Pretty much everyone loves renewable energy. The problem is that wind usually blows at night--often sporadically, at that--and solar power is unpredictable. Suppose the secret to harnessing their potential was ... used electric-car batteries?
GM said today that it would work with ABB Group to develop and implement pilot projects that would test several different ways of reusing battery packs from the 2011 Chevrolet Volt range-extended electric car. ABB is the world’s largest supplier of power grid systems, with many offerings in power and automation technologies.
2011 Chevrolet Volt
Volt Battery Pack
From Chevies to stationary storage
Specifically, GM and ABB will study whether used batteries can "provide stationary electric grid storage systems" once they're removed from customer cars. The study was announced at the EV Battery Tech conference being held in Troy, Michigan.
The average life of a car is 10 years or more, but even after a Volt has reached the end of its usable life, its lithium-ion battery pack will still have the ability to hold energy. Not as much energy as the 16 kilowatt-hours it held when new, perhaps, but enough to make it worth saving.
So the question becomes: What can you do with old electric-car batteries to get more usage out of them? The GM-ABB team will study four different possibilities:
Renewable Energy Storage: Wind and solar power could be stored between the time it's generated and the time demand is highest.
Grid Load Management: Storing energy generated during off-peak hours and feeding it back into the grid when demand is highest would make the distribution grid more reliable. Utilities are one of the few industries that essentially cannot store its product at all, except by pumping water uphill--and it's hard to get permission for dams these days.

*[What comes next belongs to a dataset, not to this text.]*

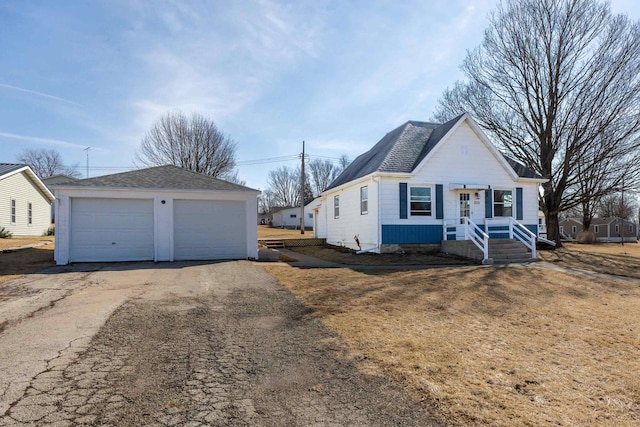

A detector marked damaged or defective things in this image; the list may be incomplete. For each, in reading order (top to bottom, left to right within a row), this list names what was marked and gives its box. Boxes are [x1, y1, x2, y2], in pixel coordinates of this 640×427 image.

Community Back-Up Power: Local energy storage would offer a reserve of power that could be used during blackouts, whether caused by accidents, storms, or other kinds of natural disasters.
Time-of-Use Management: Commercial power users could store cheaper, off-peak energy on premises to help meet peak demands at periods when rates are at their highest.
Buffering energy within the national power grid improves its reliability, and being able to store renewable energy Both improve the efficiency of the grid; the question is whether such a solution would be cost-effective. Enter the study.
If any of these applications prove plausible, the benefits are not only economic but environmental. Peak power is often generated at the dirtiest facilities, so any ability to store off-peak power and use it to buffer peak demand may prevent diesel generators or other peak facilities from activating.
“Future smart grids will incorporate a larger proportion of renewable energy sources,” said ABB's head of its smart-grids initiative, Bazmi Husain. “We are excited to explore ... employing electric car batteries in a second use that could help build needed storage capacity and provide far-reaching economic and environmental benefits.”
On the other hand...
Some have suggested that electric utilities would buy used electric-car batteries, rack them, and use them to store renewables. The study will no doubt prototype this solution.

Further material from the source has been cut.